Penelope löst ihr Gewebtes auf
Antigone vor dem toten Polyneikes
Mit seiner Rückkehr nach Griechenland begann Lytras sich mit Porträts zu beschäftigen, aber auch mit Themen des ländlichen und städtischen Lebens. Bräuche und Momentaufnahmen inspirierten zu einigen seiner heute bekannten „sittenschildernden Werke“:
Klagelied der Fischer
Der Milchmann
Kind das eine Zigarette dreht
Die Erwartung
Königin Olga von Griechenland
Seine Reisen nach Kleinasien und Ägypten bereicherten seine Gemälde mit Darstellungen von schwarzafrikanischen Kindern, von Fellachen, Hodschas und anderen Elementen des im Westen beliebten „geheimnisvollen Orients“.
Die Werke seiner letzten Jahre sind beseelt von Altersmelancholie, religiöser Unruhe und Todesvorahnungen.

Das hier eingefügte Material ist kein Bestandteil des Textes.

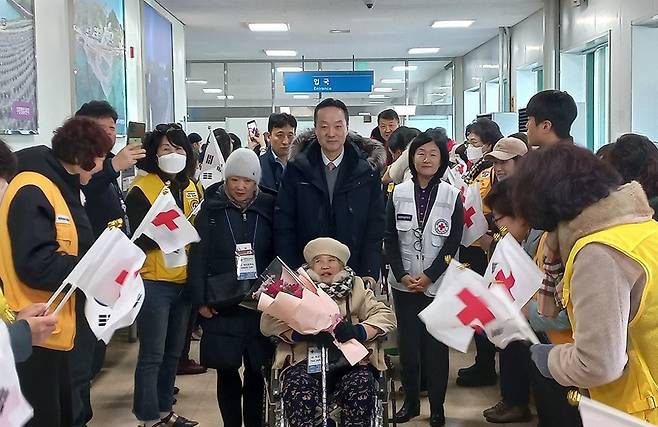 자료사진 : 지난 2월 9일 휠체어를 탄 채 고국 땅을 밟은 최고령인 최군자(92) 할머니를 변철환 동포청 차장이 모시며 입국장으로 들어서고 있다. 변 차장 오른쪽은 박은영 대한적십자사 본부장, 왼쪽은 최 할머니의 딸 에모토투리 씨. 2025.2.9 [사진=연합뉴스]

Gegen Ende seines Lebens traten in seinen Bildern asketische und schwarzgekleidete Gestalten, an Stelle von schlanken und eleganten Mädchen.
Lytras war einer der beliebtesten Künstler in den athenischen Kunstkreisen seiner Zeit. Er nahm teil an vielen Ausstellungen und wurde vielfach ausgezeichnet, so bei den Olympien von 1859 bis 1889, den Weltausstellungen von Paris 1855, 1867, 1878 und 1900, der Weltausstellung von Wien 1873 und bei den regelmäßigen Ausstellungen des Kunstvereins Parnassos. Für die ersten Olympischen Spiele 1896 in Athen schuf er die Erinnerungsmedaillen.
Als offizieller Porträtist der hohen athenischen Gesellschaft schuf er Ganzkörperporträts von Mitgliedern bedeutender Familien sowie von den Direktoren der Nationalbank Griechenlands und anderer bedeutender Bürger. Das lebensgroße Ölgemälde der Königin von Griechenland, Großfürstin Olga Konstantinowna Romanowa, stammt aus der Zeit um 1867 und wurde im offiziellen Auftrag ausgeführt. Die Sitzungen mit der noch sehr jungen Königin fanden im Palast von Athen statt.
Durch seine langjährige Lehrtätigkeit an der Kunsthochschule von Athen, setzte er einen bedeutenden Grundstein für die Entwicklung der neuzeitlichen Malerei in Griechenland. Obwohl er als Künstler zeitlebens der Malerei des akademischen Realismus verhaftet blieb, unbeeinflusst von den Strömungen des Impressionismus, hielt er seine Schüler dazu an, offen gegenüber neuen Tendenzen in der Malerei zu sein. Somit sorgte er nicht nur als Künstler für die Entwicklung der griechischen Malerei, sondern auch als Lehrer für deren Weiterentwicklung und für entscheidende Impulse. Seine Ansicht über die Kunst wird in einem seiner Zitate deutlich: „Die Liebe zum Schönen, ist die Brücke zwischen Gott und dem Menschen“.
1903 ehrte ihn die griechische Regierung mit dem Goldenen Kreuz des Erlösers. Im Jahre 1909, fünf Jahre nach seinem Tod, waren Werke von Lytras in München in der Ausstellung Die Schule von Piloty in der Galerie Heinemann zu sehen. 1933 organisierte die Kunsthochschule von Athen eine Retrospektive mit 186 Werken des Künstlers.